SG Hildesheim S 34 AY 2/05 ER , B.v. 28.02.05, IBIS M6332 - Leistungen nach § 2 AsylbLG für Ashkali aus dem Kosovo. www.asyl.net/dev/M_Doc_Ordner/6332.pdf
Der Begriff des Rechtsmissbrauchs in der Neufassung von § 2 AsylbLG kann nicht in dem Sinne ausgelegt werden, dass er auch Fälle umfasst, in denen Personen lediglich der Möglichkeit der freiwilligen Ausreise nicht nachkommen. Nach der Gesetzesbegründung (BT-Drs 15/420, S. 121) soll zwischen Ausländern unterschieden werden, die unverschuldet nicht ausreisen können und denjenigen, die ihre Ausreisepflicht rechtsmissbräuchlich nicht nachkommen. Darüber hinaus enthält die Gesetzesbegründung Beispiele, in denen ein solcher Rechtsmissbrauch anzunehmen ist: Vernichtung des Passes, Angabe einer falschen Identität. Schließlich findet sich noch der Hinweis, dass die Bestimmung an den Entwurf einer Richtlinie der EU zur Aufnahme von Asylbewerbern anknüpft. Insoweit werden in Artikel 16 Formen negativen Verhaltens zusammengefasst, die eine Einschränkung von Leistungen erlauben. In diesem Zusammenhang geht es insbesondere um die Verletzung von Meldepflichten und Auflagen zum Aufenthaltsort sowie das Verschweigen von finanziellen Mitteln.

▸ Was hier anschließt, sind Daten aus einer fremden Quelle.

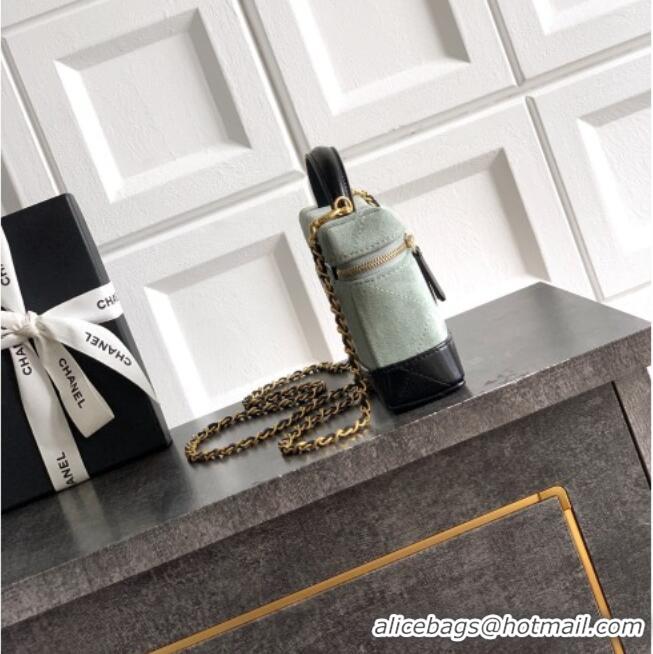 Low Price Chanel Vanity with Chain in Suede Calfskin & Shiny Lambskin AP5186 Haze Blue 2026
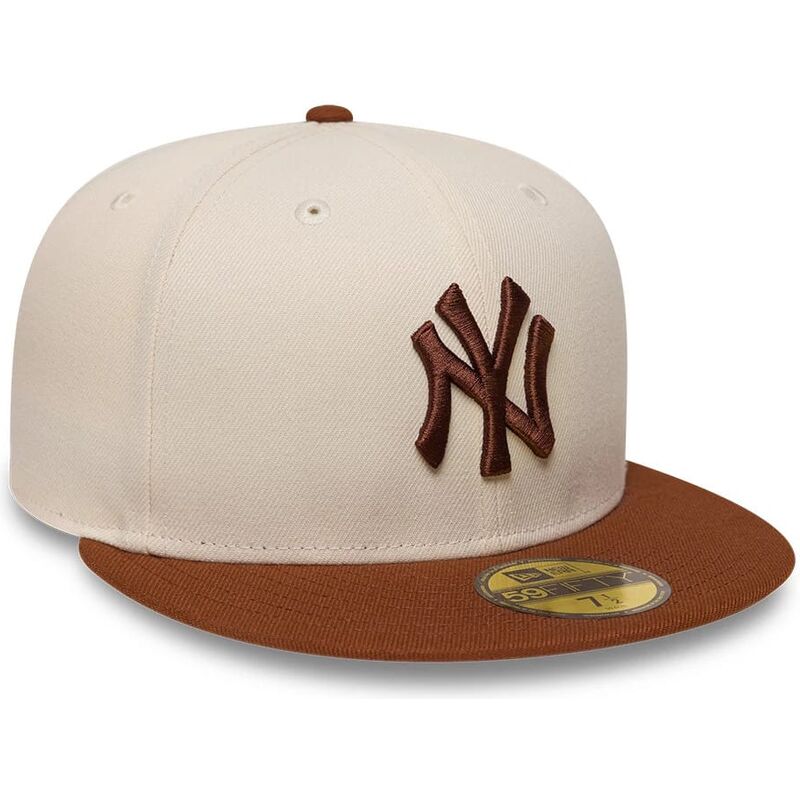 kepure-plokscia-ruda-priglundanti-59fifty-league-essential-new-york-yankees-mlb-new-era
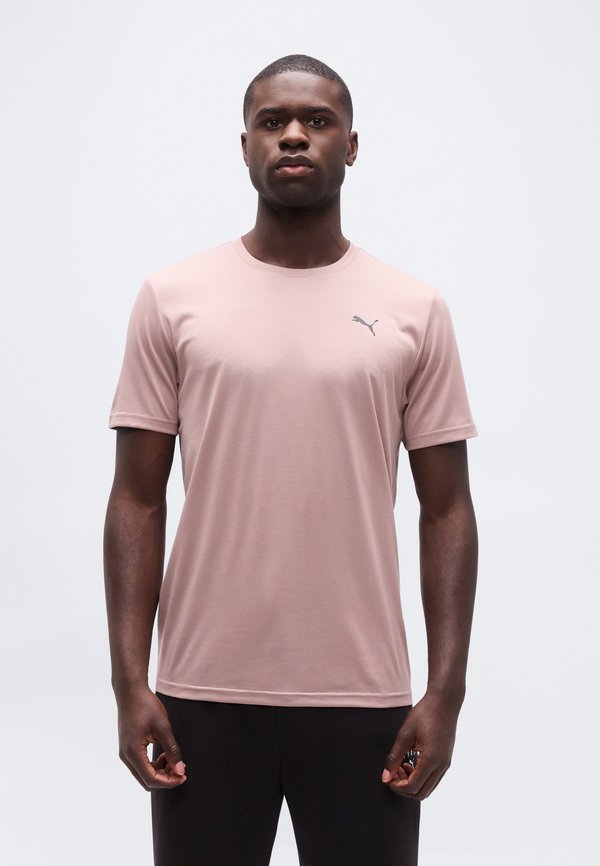 Puma TAD ESSENTIALS SOLID CAT TEE - Sports T-shirt - sandstone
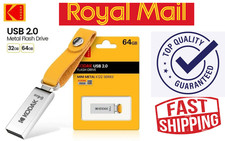64GB Metal Flash Drive Memory Original Kodak USB 2 Pen Drive K122 UK Seller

Aus der Gesamtschau dieser Vorschriften ergibt sich, dass eine rechtsmissbräuchliche Beeinflussung der Dauer des Aufenthalts dann anzunehmen ist, wenn der Antragsteller seinen Pass vernichtet, Angaben einer falschen Identität macht, eine der in Artikel 16 der Richtlinie genannte Verhaltensweise aufweist oder eine vergleichbare Handlung vornimmt, die entsprechend missbräuchlich ist.
Fraglich erscheint bereits, ob es den Antragstellers angesichts der Unruhen im März 2004 mit einer Eskalation ethnisch motivierter Gewalt im gesamten Kosovo zumutbar ist, freiwillig in den Kosovo zurückzukehren (vgl. z.B. VGH Ba-Wü 7S 1769/02, U.v. 12.01.05). Da es nach § 2 AsylbLG jedoch ausdrücklich nicht um die Zumutbarkeit der Rückkehr geht, sondern der Anspruchsausschluss an die Rechtmissbräuchlichkeit des Aufenthaltes in Deutschland anknüpft, kann die Zumutbarkeit der Rückkehr letztendlich dahingestellt bleiben.
Dass nach der Gesetzesbegründung zwischen Ausländern differenziert werden soll, die unverschuldet nicht ausreisen können und denjenigen, die rechtsmissbräuchlich ihrer Ausreisepflicht nicht nachkommen, führt zu keiner anderen Bewertung. Schließlich nutzen die Antragsteller lediglich eine für sie vom Antragsgegner zugelassene Situation (derzeitiges Absehen von Abschiebungsmaßnahmen) aus, welche der Antragsgegner selbst beenden könnte, wenn er wollte.
Nach Ansicht des Gerichts setzt der Begriff des Rechtsmissbrauchs mehr voraus als bloßes Nichtstun. Auch wenn die Antragsteller lediglich geduldet sind und insofern einer grundsätzlichen Ausreisepflicht unterliegen, stellt das bloße Nichtausreisen keinen Rechtsmissbrauch dar. Der Begriff des Rechtsmissbrauchs setzt voraus, dass die Rechtsübung objektiv gegen Treu und Glauben verstößt ( Deutsche Rechtslexikon, 2. A. 1992) bzw. dass die Ausübung eines Rechts zwar formell dem Gesetz entspricht, die Geltendmachung jedoch wegen der besonderen Umstände des Einzelfalls treuwidrig ist (Creifeld, Rechtswörterbuch, 10. A.). Dem entsprechen auch die Beispiele für Rechtmissbrauch in der Gesetzesbegründung, sowie die Beispiele in Artikel 16 des Entwurfs zur Richtlinie. Der Antragsgegner hätte es in der Hand, Abschiebemaßnahmen einzuleiten und so die Dauer des Aufenthalts der Antragsteller zu beenden. Wenn er dies aus den in den Erlassen von Juni und September 2004 (Aussetzung von Abschiebungen für Minderheiten aus dem Kosovo) genannten Gründen nicht tut, kann dies nicht zu Lasten der Antragsteller gehen und dazu führen, dass ihnen Rechtsmissbrauch vorgeworfen werden kann.